How does Atomic Data relate to JSON?
Because JSON is so popular, Atomic Data is designed with JSON in mind.
Atomic Data is often (by default) serialized to JSON-AD, which itself uses JSON. JSON-AD uses URLs as keys, which is what gives Atomic Data many of its perks, but using these long strings as keys is not very easy to use in many contexts. That's why you can serialize Atomic Data to simple, clean JSON.
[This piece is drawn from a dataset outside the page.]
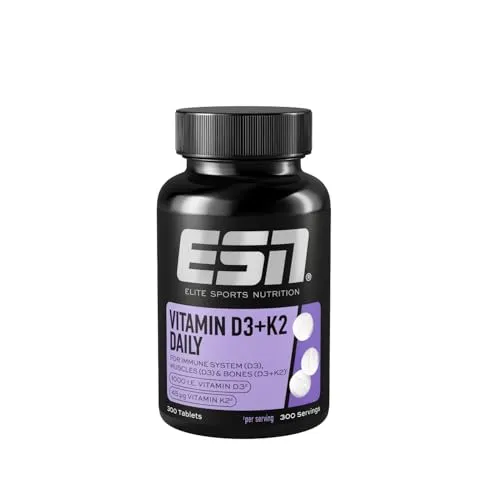 ESN Vitamin D3 + K2 Daily, 300 Tabletten - Hochwertige Tabletten mit Vitamin D3 und K2 für deine tägliche Versorgung. Ideal zur Unterstützung der Muskeln und Knochen. Made in Germany und nach höchsten Qualitätsstandards produziert.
From Atomic Data to plain JSON
The JSON keys are then derived from the shortnames
of properties.
For example, we could convert this JSON-AD:
{
"@id": "https://atomicdata.dev/properties/description",
"https://atomicdata.dev/properties/datatype": "https://atomicdata.dev/datatypes/markdown",
"https://atomicdata.dev/properties/description": "A textual description of something. When making a description, make sure that the first few words tell the most important part. Give examples. Since the text supports markdown, you're free to use links and more.",
"https://atomicdata.dev/properties/isA": [
"https://atomicdata.dev/classes/Property"
],
"https://atomicdata.dev/properties/shortname": "description"
}
... into this plain JSON:
{
"@id": "https://atomicdata.dev/properties/description",
"datatype": "https://atomicdata.dev/datatypes/markdown",
"description": "A textual description of something. When making a description, make sure that the first few words tell the most important part. Give examples. Since the text supports markdown, you're free to use links and more.",
"is-a": [
"https://atomicdata.dev/classes/Property"
],
"shortname": "description"
}
Note that when you serialize Atomic Data to plain JSON, some information is lost: the URLs are no longer there.
This means that it is no longer possible to find out what the datatype of a single value is - we now only know if it's a string
, but not if it actually represents a markdown string or something else.
Most Atomic Data systems will therefore not use this plain JSON serialization, but for some clients (e.g. a front-end app), it might be easier to use the plain JSON, as the keys are easier to write than the long URLs that JSON-AD uses.
From JSON to JSON-AD
Atomic Data requires a bit more information about pieces of data than JSON tends to contain. Let's take a look at a regular JSON example:
{
"name": "John",
"birthDate": "1991-01-20"
}
We need more information to convert this JSON into Atomic Data. The following things are missing:
- What is the Subject URL of the resource being described?
- What is the Property URL of the keys being used? (
name
andbirthDate
), and consequentially, how should the values be parsed? What are their DataTypes?
In order to make this conversion work, we need to link to three URLs that resolve to atomic data resources.
The @id
subject should resolve to the Resource itself, returning the JSON-AD from below.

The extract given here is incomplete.